On Christmas morning, 1971, defendant was arrested on a burglary charge. On December 26, after being advised of his constitutional rights, defendant was interviewed by two officers. This interview covered not only the burglary charge, but also defendant's potential involvement in an attempted robbery of the Kress Department Store in Wenatchee on December 21, 1971. On December 29, defendant was placed in a lineup and identified by three Kress store employees as the man who attempted to rob the store.

[1] First, defendant contends the trial court erred in *827 refusing to suppress the December 29 lineup identification. It is argued that the pretrial lineup was illegal because it was conducted in the absence of counsel or a knowing, voluntary waiver thereof in violation of the sixth amendment to the United States Constitution. United States v. Wade, 388 U.S. 218, 18 L.Ed.2d 1149, 87 S.Ct. 1926 (1967); Gilbert v. California, 388 U.S. 263, 18 L.Ed.2d 1178, 87 S.Ct. 1951 (1967). While the evidence was disputed on this issue and resolved against the defendant, Kirby v. Illinois, 406 U.S. 682, 32 L.Ed.2d 411, 92 S.Ct. 1877 (1972), disposes of the problem. In Kirby, the United States Supreme Court held that the right to counsel at a lineup provided for in Wade and Gilbert attaches only at or after the initiation of adversary criminal proceedings by way of formal charge, preliminary hearing, indictment, information or arraignment. Since no information had been filed against the defendant at the time of the lineup, his Sixth Amendment right to counsel had not attached under Kirby and the motion to suppress for lack of counsel was therefore properly denied. Moore v. Eyman, 464 F.2d 559 (9th Cir.1972); United States v. Bothwell, 465 F.2d 217 (9th Cir.1972).

[2] Next, defendant contends that the preinformation lineup was impermissibly suggestive in nature and makeup because the other participants in the lineup were not closely similar in description to him and they were not similar to the description of the robber given by the witnesses to the police officers prior to his arrest. The defendant asserts the in-court identifications by the three witnesses were inadmissible because they were tainted by the illegal lineup. We disagree.
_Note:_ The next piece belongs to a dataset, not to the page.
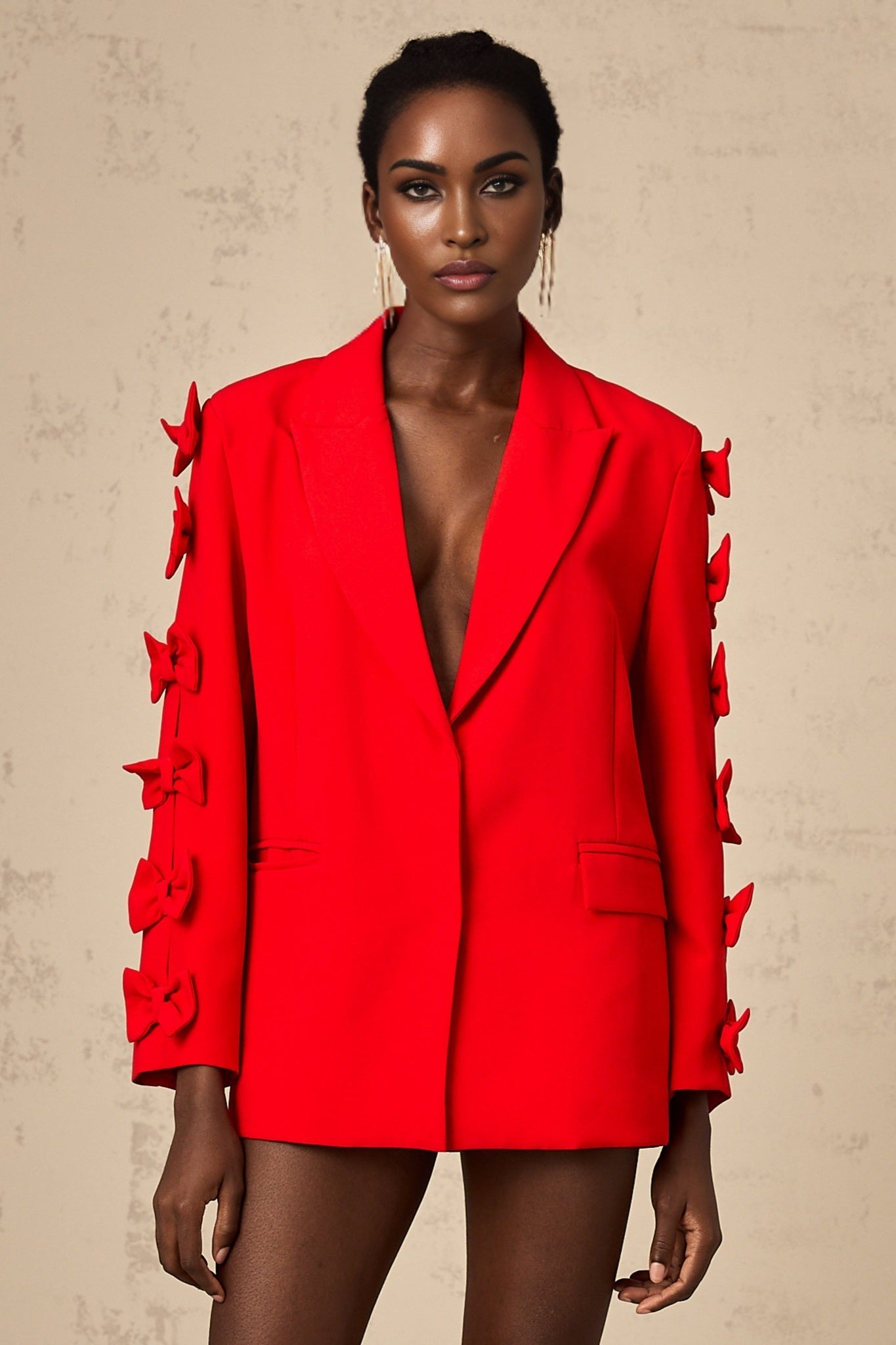 A red blazer with a bow detail and cutout design featuring a tailored fit and feminine silhouette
A lineup which is impermissibly suggestive in nature and conducive to irreparable mistaken identification deprives the suspect of due process of law and the in-court identification based upon the lineup is inadmissible in evidence. Stovall v. Denno, 388 U.S. 293, 18 L.Ed.2d 1199, 87 S.Ct. 1967 (1967). After reviewing the record, we find *828 there is substantial evidence to support the trial court's determination that the lineup was conducted fairly. There was no testimony indicating that the preinformation lineup was so impermissibly suggestive as to give rise to a substantial likelihood of irreparable misidentification.

[3] The defendant contends the court erred in sentencing him to 20 years under the provisions of RCW 9.95.010, rather than to 10 years under RCW 9.92.010. We disagree. This contention was resolved in State v. Rose, 7 Wn. App. 176, 187, 498 P.2d 897 (1972), when the court said:

The 10-year maximum sentence, established by RCW 9.92.010, is applicable to those felonies for which "no punishment is specially prescribed by any statutory provision in force at the time of conviction and sentence." (Italics ours.) Klapproth v. Squier, 50 Wn.2d 675, 314 P.2d 430 (1957). The 20-year maximum sentence or any greater maximum up to and including life imprisonment, established by RCW 9.95.010, is applicable to those felonies for which "the law does not provide a "maximum term." (Italics ours.) State v. Palmer, 73 Wn.2d 462, 438 P.2d 876 (1968).

Since RCW 9.75.010, covering the crime of robbery, provides for a minimum term only, defendant was properly sentenced under RCW 9.95.010.

Judgment affirmed.

MUNSON and McINTURFF, JJ., concur.

Petition for rehearing denied May 30, 1973.

Review denied by Supreme Court July 24, 1973.